> REQUIRED WORK:
Will you output all of the data below exactly, omitting the images?

> PROVIDED DATA:
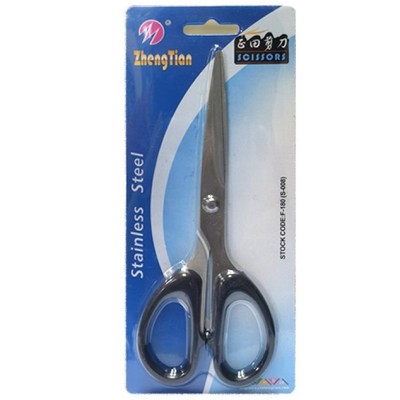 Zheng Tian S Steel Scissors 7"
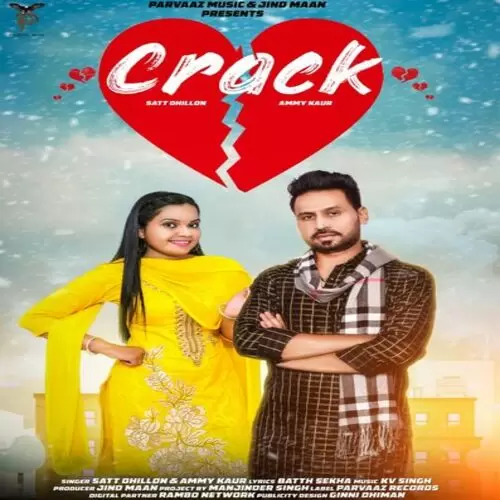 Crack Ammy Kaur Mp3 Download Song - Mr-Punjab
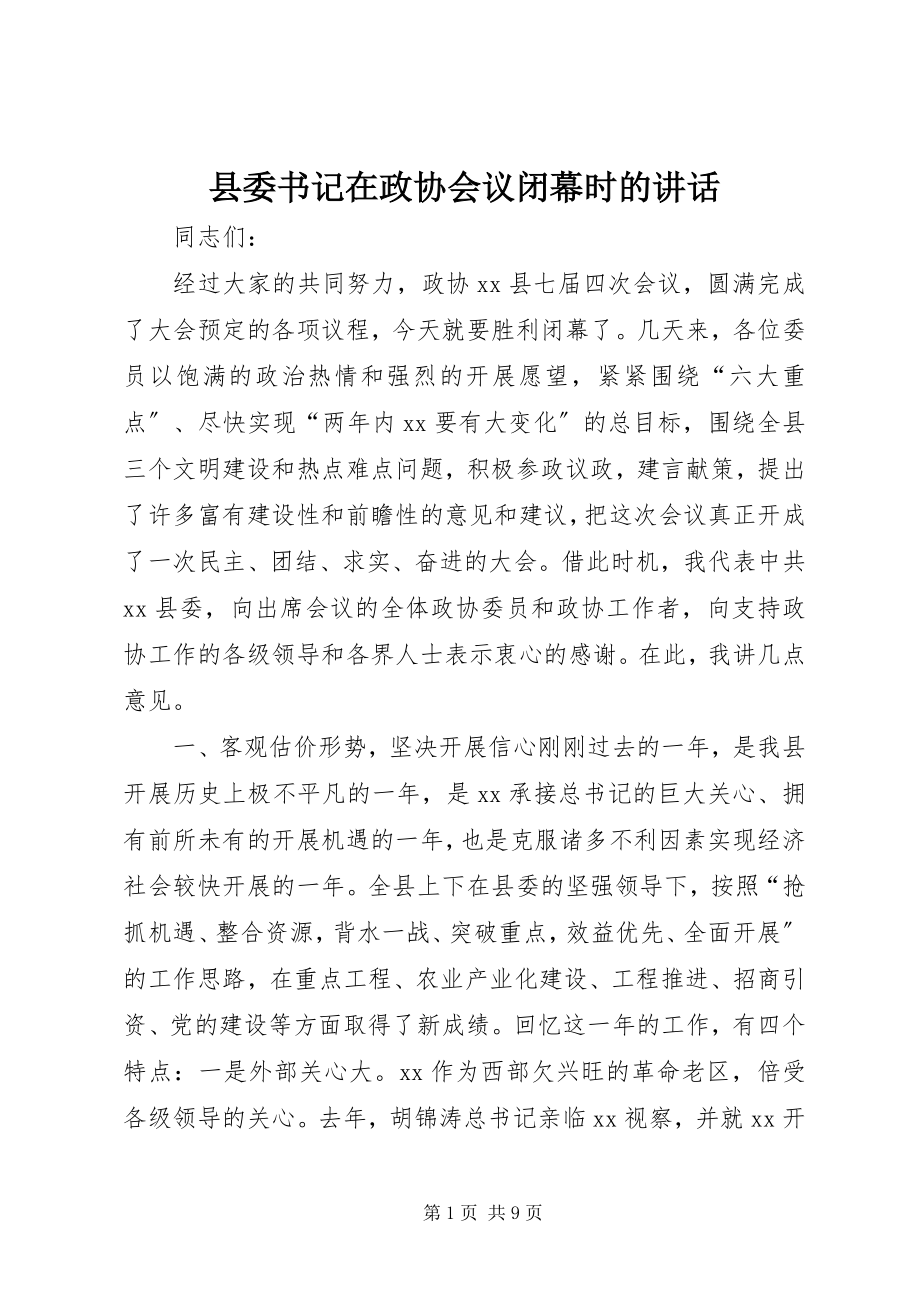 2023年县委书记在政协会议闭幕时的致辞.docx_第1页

> RESPONSE BELOW:
 Zheng Tian S Steel Scissors 7"
 Crack Ammy Kaur Mp3 Download Song - Mr-Punjab
 2023年县委书记在政协会议闭幕时的致辞.docx_第1页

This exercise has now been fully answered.